While data quality has been the topic of much discussion in the market research industry for the past few years, little effort has been made to objectively define the concept. Data quality is a hygiene factor that is often overlooked when present, but becomes noticeably problematic when missing. However, by defining data quality solely according to the absence of outliers, we risk losing sight of what truly makes data beautiful. What if we defined data quality based on what it is, rather than what it is not?
Defining Data Quality Based on What it is Not
Often, the way we define data quality is limited to what it is not, by removing Satisfiers, Speeders, and Straight-liners. How we define these in-survey checks is subjective in nature and whether that practice actually works in improving overall results is questionable.

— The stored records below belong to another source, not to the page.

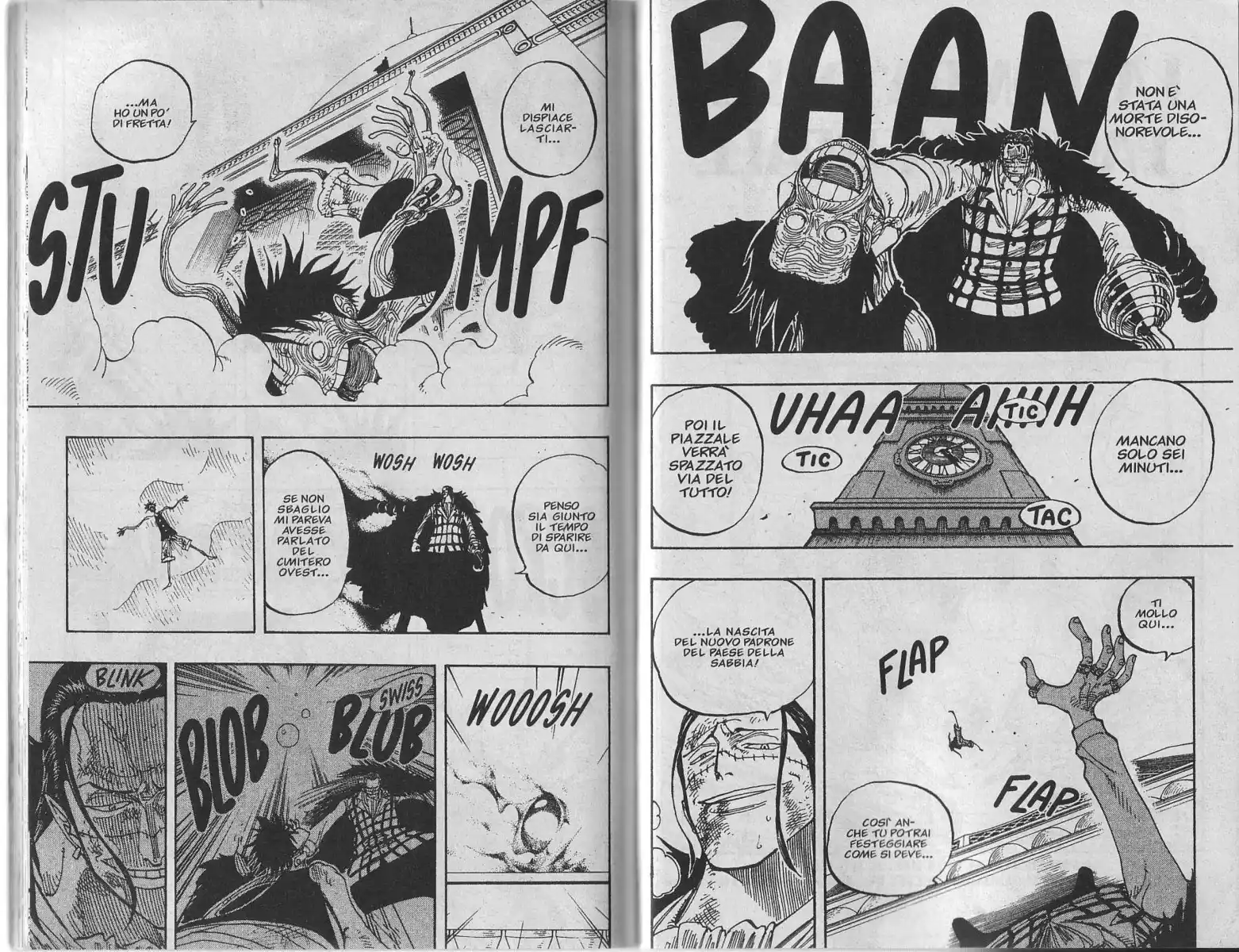 One Piece Capitolo 202 page 2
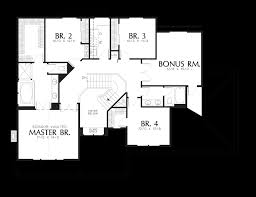 Clairborne Craftsman Plan Features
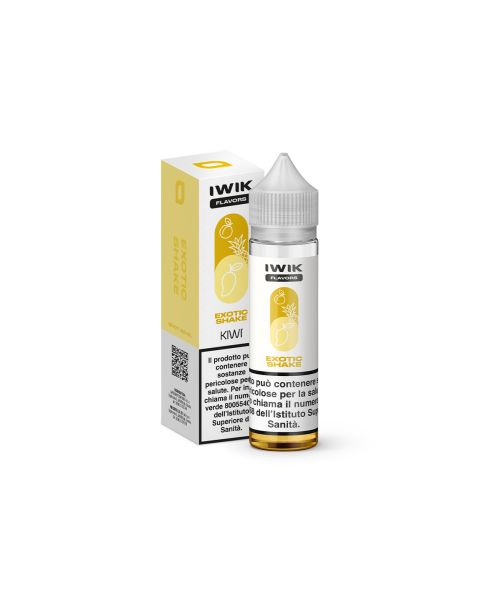 EXOTIC SHAKE - IWIK Flavors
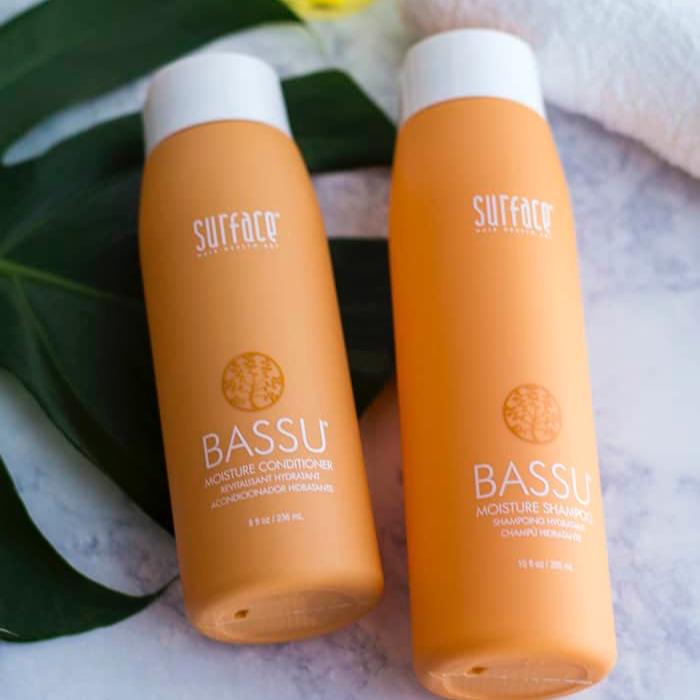 BASSU MOISTURE CONDITIONER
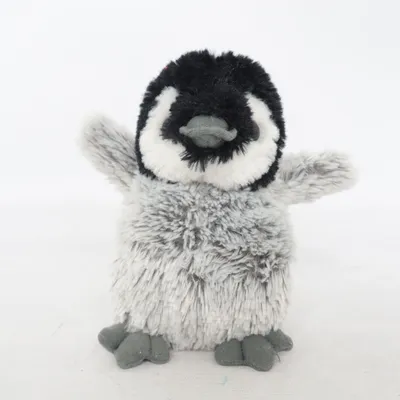 Gosedjur (Svart, Grå, Vit) från Wild Republic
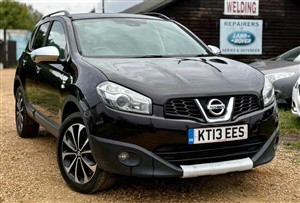 Large image for the Used Nissan QASHQAI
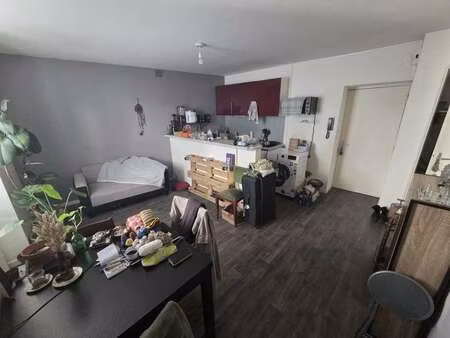 vente appartement 2 pièces à nantes île de nantes (44000) : à vendre 2 pièces / 33m² nante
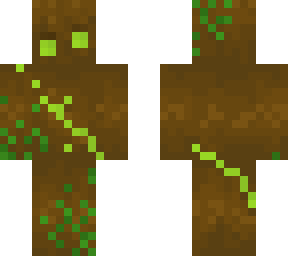 the wooden beast from the enchated jungle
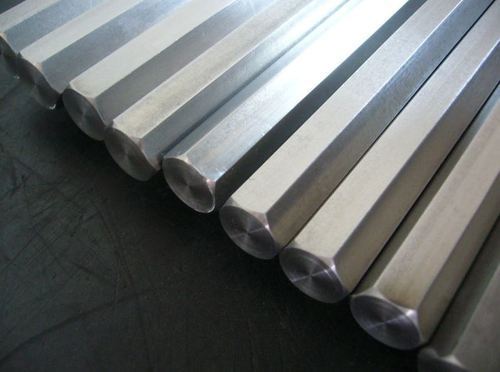 Nickel Hex Bar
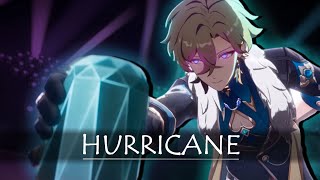 Honkai: Star Rail - Hurricane || Aventurine || [AMV / GMV]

Picture this: You have just completed a long and arduous research project, and you’re eager to present your findings to your client. However, as you begin to delve into the data, your client starts to notice something troubling: the story doesn’t make sense. You feel your stomach drop as your client raises this concern, asking you to explain what’s going on. You rack your brain for an answer and finally settle on “But…there are no Speeders in our data.” Even as you say it, you realize that this is a poor defense. The absence of Speeders does not make the quality of your data good.
Instead, we ought to focus on defining what qualifies as good data.
The Role of Cohesion in Achieving Data Quality
Let’s take a philosophical step back and consider what makes data beautiful.
At its core, beautiful data makes sense. When we view data quality through this lens, it becomes less subjective than we might think. Data makes sense when the story of each participant is cohesive.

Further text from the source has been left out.